Retain pods for failed jobs a longer period

gocd / kubernetes-elastic-agents

Kubernetes Elastic agent plugin for GoCD

https://www.gocd.org

Apache License 2.0

34 stars 32 forks source link

Retain pods for failed jobs a longer period #102

Open Evesy opened 5 years ago

Evesy commented 5 years ago

2.0.0 introduced terminating a pod immediately upon job completion which has proved useful when running many different pipelines with elastic agents, as nodes' resources are freed up quicker which reduces the chances of nodes have to autoscale.

This has introduced some extra difficulties when troubleshooting failed jobs though since the pods are cleaned up immediately it leaves nothing left to debug. It could be useful to set an alternate grace period for pods whose assigned jobs have failed, to give the option to look around the pod.
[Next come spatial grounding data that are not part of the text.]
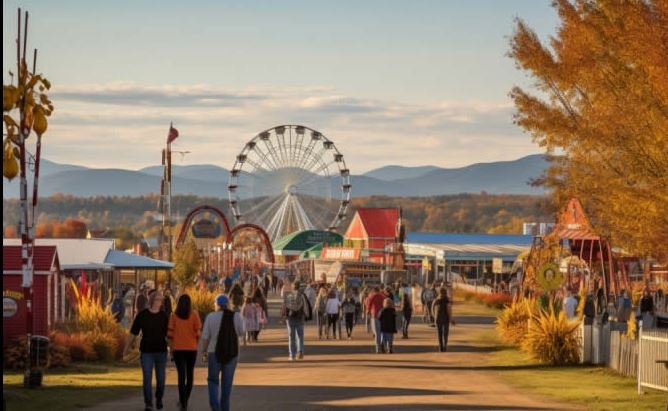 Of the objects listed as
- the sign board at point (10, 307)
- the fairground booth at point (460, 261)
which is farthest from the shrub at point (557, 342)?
the fairground booth at point (460, 261)

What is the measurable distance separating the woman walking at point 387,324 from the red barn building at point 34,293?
7.66 metres

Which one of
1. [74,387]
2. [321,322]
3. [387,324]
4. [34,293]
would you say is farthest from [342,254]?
[74,387]

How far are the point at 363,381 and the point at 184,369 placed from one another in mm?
6242

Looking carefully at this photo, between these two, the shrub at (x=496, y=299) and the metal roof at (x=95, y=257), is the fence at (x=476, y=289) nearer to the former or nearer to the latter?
the shrub at (x=496, y=299)

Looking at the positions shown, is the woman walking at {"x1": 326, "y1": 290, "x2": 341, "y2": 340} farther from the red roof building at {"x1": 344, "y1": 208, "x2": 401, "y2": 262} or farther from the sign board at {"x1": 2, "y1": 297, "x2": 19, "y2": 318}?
the red roof building at {"x1": 344, "y1": 208, "x2": 401, "y2": 262}

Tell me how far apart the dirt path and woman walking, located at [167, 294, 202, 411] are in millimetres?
821

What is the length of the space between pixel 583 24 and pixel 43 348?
1149 cm

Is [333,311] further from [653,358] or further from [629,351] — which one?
[653,358]

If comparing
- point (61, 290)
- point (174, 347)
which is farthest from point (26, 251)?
point (61, 290)

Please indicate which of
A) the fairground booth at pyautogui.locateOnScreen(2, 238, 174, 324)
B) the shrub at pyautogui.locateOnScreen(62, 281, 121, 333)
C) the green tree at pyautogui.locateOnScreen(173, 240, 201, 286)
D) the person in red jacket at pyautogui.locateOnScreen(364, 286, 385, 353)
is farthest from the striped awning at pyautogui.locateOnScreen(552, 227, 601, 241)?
the shrub at pyautogui.locateOnScreen(62, 281, 121, 333)

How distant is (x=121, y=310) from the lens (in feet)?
128

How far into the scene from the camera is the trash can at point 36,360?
23.3m

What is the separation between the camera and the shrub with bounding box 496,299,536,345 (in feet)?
119

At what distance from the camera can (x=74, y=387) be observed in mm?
23828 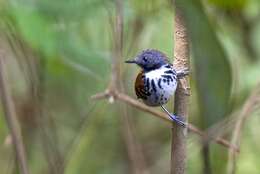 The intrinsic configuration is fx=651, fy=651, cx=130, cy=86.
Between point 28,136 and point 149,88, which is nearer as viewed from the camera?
point 149,88

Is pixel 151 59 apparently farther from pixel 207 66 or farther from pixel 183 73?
pixel 207 66

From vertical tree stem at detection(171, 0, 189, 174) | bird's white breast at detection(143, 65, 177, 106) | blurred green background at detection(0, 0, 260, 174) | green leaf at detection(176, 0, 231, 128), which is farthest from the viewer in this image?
blurred green background at detection(0, 0, 260, 174)

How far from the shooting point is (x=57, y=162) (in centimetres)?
154

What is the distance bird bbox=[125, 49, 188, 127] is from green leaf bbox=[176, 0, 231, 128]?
0.24 metres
arvindsv commented 5 years ago

That would still mean changing the elastic agent profile. I wonder if it can be made more dynamic. I'm imagining some kind of metadata which would tell it to not terminate immediately.

Related code is here. Of course, with this, the plugin would need to store the information that it needs to be retained till / cleaned up later.
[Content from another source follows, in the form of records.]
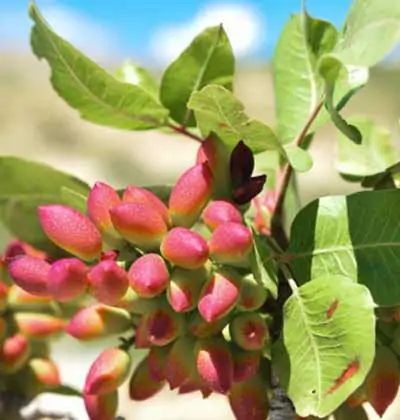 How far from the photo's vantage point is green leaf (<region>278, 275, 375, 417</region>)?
576 millimetres

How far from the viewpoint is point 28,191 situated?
80 cm

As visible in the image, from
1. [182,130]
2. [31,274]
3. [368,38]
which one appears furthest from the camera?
[182,130]

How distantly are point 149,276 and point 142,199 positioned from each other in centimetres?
6

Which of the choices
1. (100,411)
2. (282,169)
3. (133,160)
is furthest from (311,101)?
(133,160)

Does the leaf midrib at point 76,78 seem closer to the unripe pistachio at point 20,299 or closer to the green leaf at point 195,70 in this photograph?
the green leaf at point 195,70

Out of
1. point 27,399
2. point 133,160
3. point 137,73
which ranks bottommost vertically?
point 133,160

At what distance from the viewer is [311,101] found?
0.77 metres

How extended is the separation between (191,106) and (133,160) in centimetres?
924

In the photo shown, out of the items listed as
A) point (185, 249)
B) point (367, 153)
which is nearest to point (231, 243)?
point (185, 249)

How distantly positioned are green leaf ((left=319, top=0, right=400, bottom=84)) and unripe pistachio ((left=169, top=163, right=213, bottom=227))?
11cm

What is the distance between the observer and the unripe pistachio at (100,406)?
706 millimetres

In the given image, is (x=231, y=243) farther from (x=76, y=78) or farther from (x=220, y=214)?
(x=76, y=78)

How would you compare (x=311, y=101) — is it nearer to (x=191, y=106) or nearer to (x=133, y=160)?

ckaushik commented 5 years ago

This can be achieved by TerminationGracePeriod or preStopHook in Kubernetes. We can probably sleep for a variable amount of time in preStopHook. People can then choose to keep agents shorter / longer based on the config @arvindsv wdyt?

arvindsv commented 5 years ago

@ckaushik My concern is: The GoCD server will send only one event about job completion. If we miss that and don't terminate it, without keeping track of the fact that the event was sent, then it'll leave behind pods. So, either we keep track of the event and delay the time the plugin terminates the pod. Or, maybe you're suggesting that we somehow use the terminationGracePeriodSeconds option and let k8s delay the termination.
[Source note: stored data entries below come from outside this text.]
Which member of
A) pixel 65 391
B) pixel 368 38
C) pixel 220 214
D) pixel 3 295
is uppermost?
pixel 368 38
Anyway, however the implementation is, my concern is that we should terminate them eventually.

varshavaradarajan commented 5 years ago

Can't we pass along the job status to https://github.com/gocd/kubernetes-elastic-agents/blob/master/src/main/java/cd/go/contrib/elasticagent/requests/JobCompletionRequest.java#L29 at the time of termination to have it not terminate the pod that completed the job? The elastic profile can have a property (pod_retention_time?) that specifies how long after job completion the pod remains.

arvindsv commented 5 years ago

Yes. We would need to store that information, as you said, and make sure that the pod is terminated later.